Oyun çeşitleri bakımından yörenin her köyü aynı zenginlikte değildir.
Tunceli halkının epeyce bir kısmı -Anadolu'nun diğer bazı yerlerinde de olduğu gibi- Alevîliği aleniyette (açıkta) tutagelmişlerdi. Bu bakımdan, bir Hozat, bir Ovacık veya bir Kalan ezgisinin bir Sivas veya bir Tokat ezgisinden farkı yoktur. "Sazbend" denilen aşıklar vaktiyle bağlama elde Hatayî, Nesimî, Pîr Sultan, Kaygusuz Abdal, Harabî, Veranî (Viranî) ... gibi Anadolu Alevî şairlerinin halis Türkçe deyişlerini çalar ve söylerlermiş. Onlar, bunlara 'dej' diyorlar ki tamamen 'deyiş' demektir. Meselâ; "Açıldı Cennet kapısı / L' ü gevherdir yapısı" gibi. Onlar da vaktiyle cemiyetlerinde ağır ve hızlı kısımlardan bileşik semalar oynarlarmış.

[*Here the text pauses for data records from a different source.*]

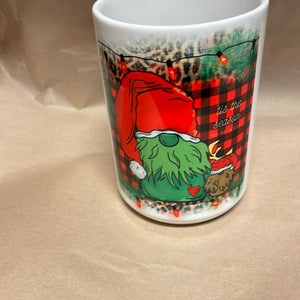 Christmas theme  Coffee mugs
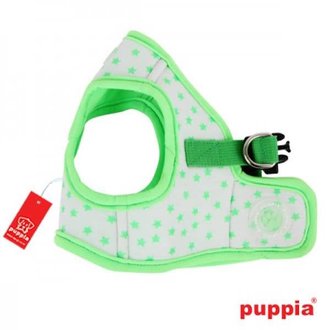Puppia Harnais Puppia Summer B Cosmic Vert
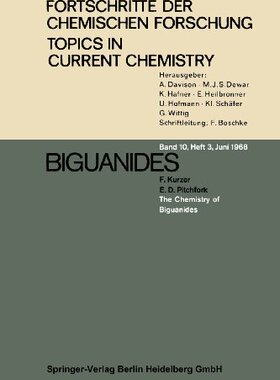 【预订】Biguanides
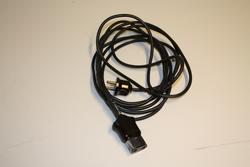 Ledning til støvsugar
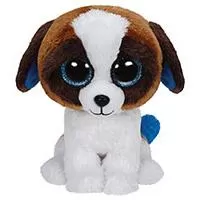 Kliknite za detalje - TY Beanie Boos Plišane igračke - Pas Duke 24cm MR37012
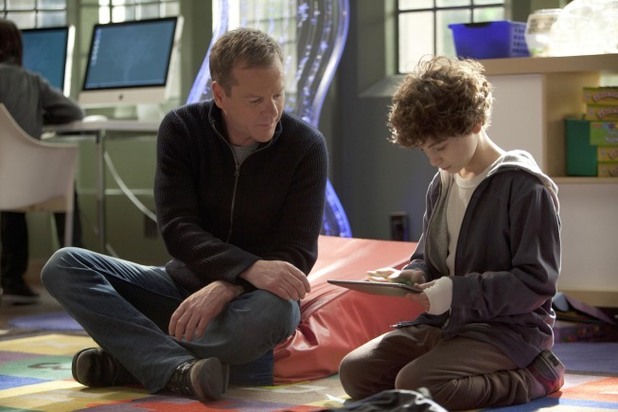 Touch S01E09: 'Music of the Spheres'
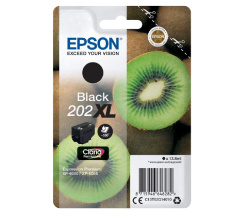 Cartridge Epson 202XL černá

Tunceli'nin en önemli oyunları Haley (Halay)'dır. Halaydan başka Kol oyunları, eski bir ilçe adını taşıyan Karaçor oyunu, sonra İki Ayak, Üç Ayak oyunları, Tamzara, Dello (Delilo), Horum oynanır. Birde oyun fasıl tertibi verelim: Karaçor, Üç ayak, Dello, Tamzara, Horum, Ağaç Oyunu ve birde Kol Oyunu.
Bunlardan yarı idmancılık (sportif) işi Ağaç Oyunu şöyle oynanır:
Elinde büyük bir ağaç veya sopa bulunan biri en önde durur. Onun arkasında ellerinde küçük, kısa değnekler bulunan birkaç kişi birbirlerini arkalarından tutarlar. Oyun başladığı zaman, en öndeki harekete geçip elindeki ağacı arkadakilere savurur. Onlar da kendilerini müdafaa ederler (savunurlar).

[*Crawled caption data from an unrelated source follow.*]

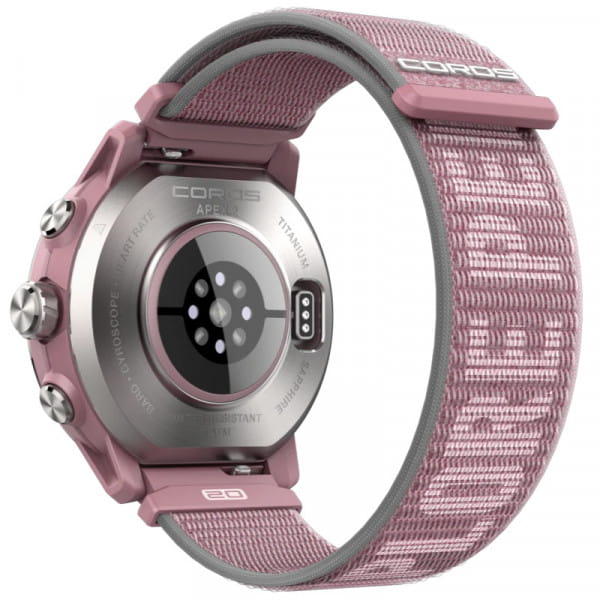 COROS APEX 2 GPS multisport watch - Dusty Pink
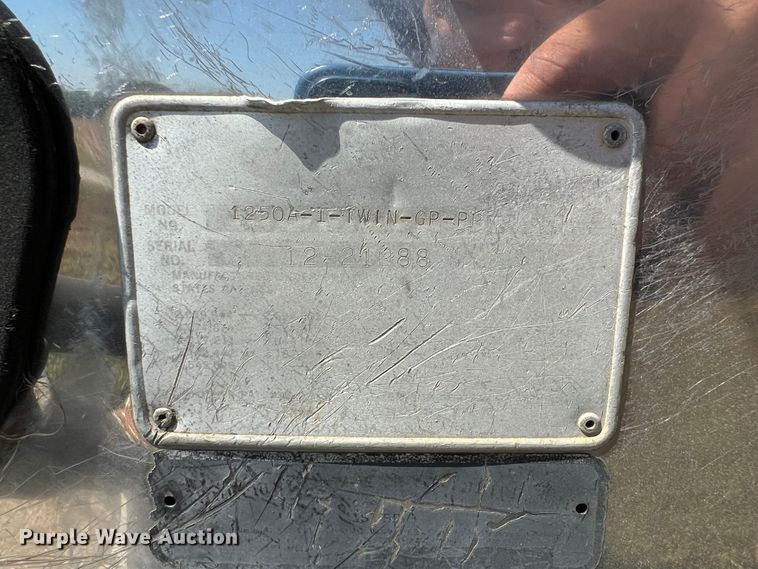 image for item IA9058 Explorer 1250A  fuel pump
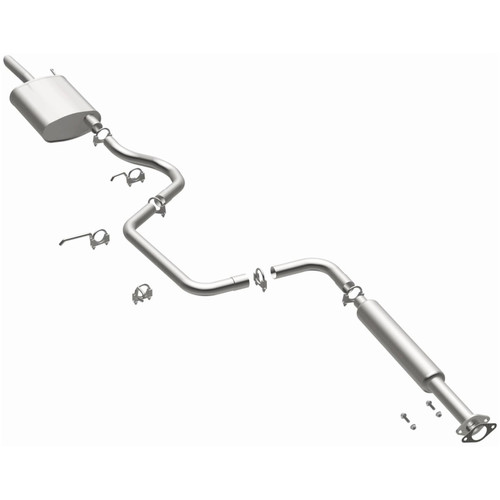 MagnaFlow BRE Exhaust Kit 97-05 Century Grand Prix 3.1L - 106-0199 Photo - out of package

Kadınlar da halay havalarının sözlerini söyleyip oynarlar. Bazı yerlerde kadın erkek karışık oynarlar: "Hanım nereye gidersin / Canım nereye gidersin" gibi türküler söyler, oynayanların alınlarına para yapıştırırlar. Bu para çalgıcılarındır.

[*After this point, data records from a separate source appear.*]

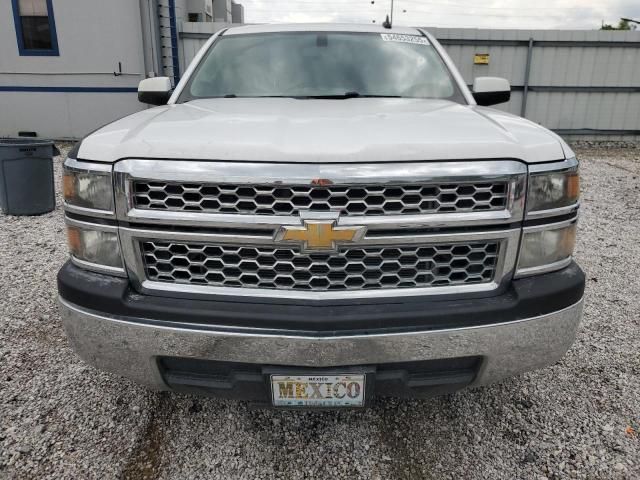 2015 Chevrolet Silverado C1500 LT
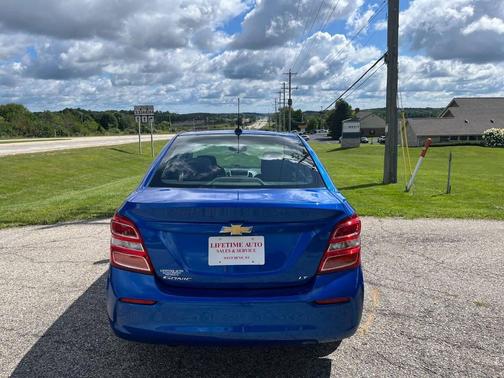 2020 Chevrolet Sonic LT 4dr Sedan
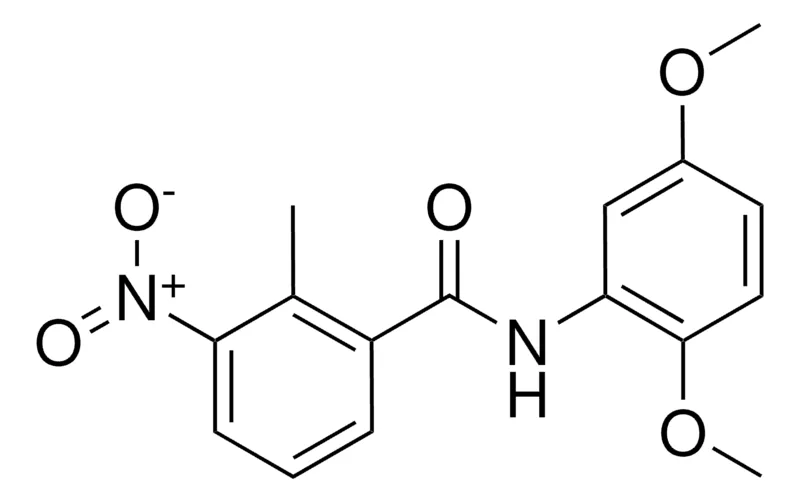 Sigma-Aldrich N-(2,5-DIMETHOXYPHENYL)-2-METHYL-3-NITROBENZAMIDE,AldrichCPR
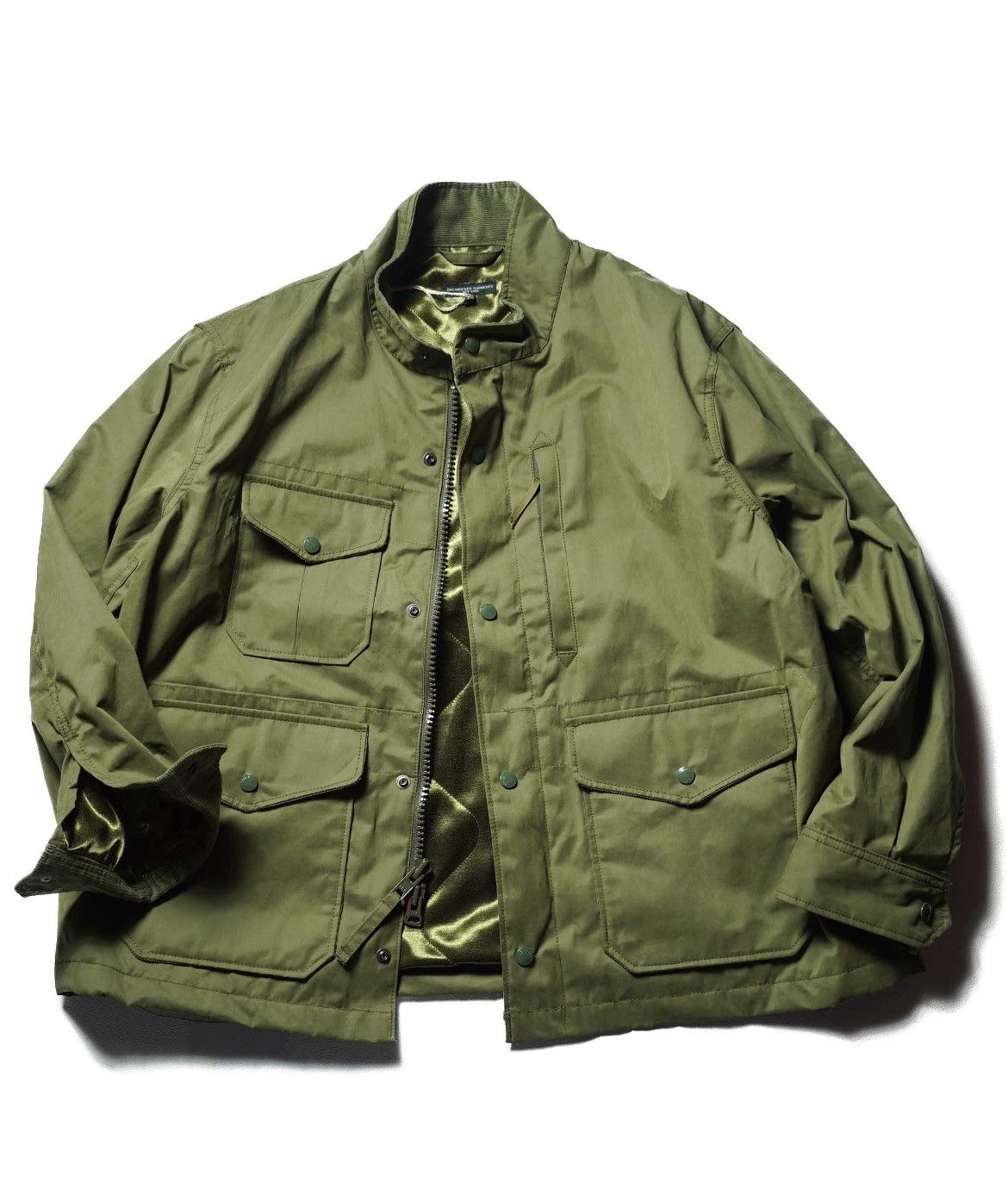 Engineered Garments Engineered Garments Pathfinder jacket medium | Grailed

Birde Gövenk adlı oyunları vardır. Oda karma oynanılır. Tunceli'de Leyla ile Mecnun'dan parçalar, Munzur üzerine ezgiler, anonim türküler, vakalar (olaylar) üzerine yakılmış türküler de söylerler.
Vaktiyle eşkıya baskınlarından çok zarar görmüş olan Çemişgezek'te, şehir içinde kemençe gibi tutularak çalınan keman, tef, davul zurna, köylerde bağlama çalınır. Çemişgezekliler de halay çekiyor, Kol oyunu, Tamzara, Üç Ayak oynuyor. Elazığ'ın Şeve Kermak oyunu ve Şakıldım tabiri onlarda da var. Evvelce düğünlerde alay önünde yaya veya atlı olarak Kılıç Kalkan da oynarlarmış. Çemişgezek'te davul zurnalı bir oyun faslının parça sıralaması şöyledir: Cezayir (Peşrev), Ağır Hava, Üç Ayak, Güzeller, Yol Havası, Düğüne Topama, Gelin Ağlatma, Dello, Yerli Türküler, Köroğlu ve At Oyunu.
Kalan'da, bazı Alevî bakiye ezgilerinden başka Üç Ayak, Cezayir, Köroğlu, Kemal Çavuş Havası, Bir Ayak, İki Ayak oyun havaları, Lorge oyun havası, bir de Gövendi Oyunu yürütülür ki Güvende'dir.